One of the soldiers moved to run after Liam, but Ren collided with him, with enough force to bring them both to the ground. Ren had never fought, not even with the other boys in the village. He occasionally wrestled with Liam for fun, but never had he needed to defend himself.
Fueled by adrenaline and fear, he kicked and hit as they rolled on the leaf-strewn meadow. He clawed and scratched to keep the prod away f
rom his body. The weapon sputtered out, leaving the soldier to rely on his superior training to keep Ren on the ground.
The first punch to his jaw snapped Ren’s head back and the second stunned him. His limbs went limp.
The soldier stood, breathing harshly.
“How the hell did you do that?” the soldier demanded.
Ren rolled his head to the side. His chest heaved. His vision swam. His jaw hurt; the corner of his lip bled.
“I didn’t.”
The soldier grabbed the last working prod from his companion. He tested it. Electricity sizzled, crackling in the air. The smell of ozone wafted into Ren’s nose.

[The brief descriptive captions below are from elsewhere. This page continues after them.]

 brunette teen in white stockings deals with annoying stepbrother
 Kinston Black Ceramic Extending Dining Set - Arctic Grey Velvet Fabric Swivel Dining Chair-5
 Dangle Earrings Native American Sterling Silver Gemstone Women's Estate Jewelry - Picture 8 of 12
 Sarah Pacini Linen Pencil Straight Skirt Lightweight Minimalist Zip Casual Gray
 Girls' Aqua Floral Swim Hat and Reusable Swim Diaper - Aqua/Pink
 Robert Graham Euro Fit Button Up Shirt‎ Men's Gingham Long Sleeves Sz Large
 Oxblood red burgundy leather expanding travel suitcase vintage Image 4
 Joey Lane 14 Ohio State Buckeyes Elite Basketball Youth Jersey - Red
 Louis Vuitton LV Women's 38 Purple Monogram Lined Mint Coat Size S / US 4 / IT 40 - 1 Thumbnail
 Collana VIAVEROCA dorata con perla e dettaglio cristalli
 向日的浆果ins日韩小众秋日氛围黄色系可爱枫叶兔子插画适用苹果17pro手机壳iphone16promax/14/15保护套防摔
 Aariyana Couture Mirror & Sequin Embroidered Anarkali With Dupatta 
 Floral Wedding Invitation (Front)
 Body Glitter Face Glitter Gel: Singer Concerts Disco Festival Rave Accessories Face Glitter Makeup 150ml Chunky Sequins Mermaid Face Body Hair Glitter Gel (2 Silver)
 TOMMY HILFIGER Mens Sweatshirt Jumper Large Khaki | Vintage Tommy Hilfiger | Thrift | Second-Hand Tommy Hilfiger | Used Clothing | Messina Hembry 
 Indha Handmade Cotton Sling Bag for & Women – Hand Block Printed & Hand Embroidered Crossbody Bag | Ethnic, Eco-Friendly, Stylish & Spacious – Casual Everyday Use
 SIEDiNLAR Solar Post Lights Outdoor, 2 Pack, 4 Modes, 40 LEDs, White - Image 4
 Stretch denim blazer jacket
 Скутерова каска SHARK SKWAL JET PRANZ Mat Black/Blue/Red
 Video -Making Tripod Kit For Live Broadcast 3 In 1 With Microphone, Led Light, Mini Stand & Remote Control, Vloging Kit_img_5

Ren scurried backward, pulse racing, fear ratcheting higher with every step the soldier took toward him.
He didn’t get far. His palms slipped on a patch of slick moss. He squeezed his eyes shut when the soldier stabbed the sparking weapon into his torso. He waited for the pain, braced himself against it, muscles tensing, but all he felt was the blunt end of the prod grinding against his ribs.
He opened one eye and found the three soldiers staring down at him with astonished expressions. The prod rested useless in the soldier’s slack fingers.
“What the stars?”
“Who are you? What are you?”
Ren was as confused as they were. “I’m nothing,” he said.
“Yeah. I don’t believe that for half a second.”
The soldier looked at the weapon and the other two crowded closer, checking the charge, arguing over what buttons to push.
Ren saw his last chance at escape. He rolled to his stomach and coiled his legs beneath his body, but that was as much as he managed. The prods were still effective clubs, and the pain of the blow erupted at the base of Ren’s skull.
He flopped forward, face smooshed in the grass. His vision wavered, the edges blackening with every breath.
He felt a toe nudge his hip. “Three prods dead on one kid. We’re going to catch hell when we get back to the citadel.”
Ren made one last effort to crawl away, but a heavy boot settled on the small of his back. Ren knew he should be afraid, but his thoughts were scattered, slipping through his mind like sand through a sieve. The soldiers pulled his arms behind him and snapped on a pair of shackles. The tech automatically adjusted to the size of Ren’s wrists, binding them tight. With one last fleeting thought of Liam, Ren passed out.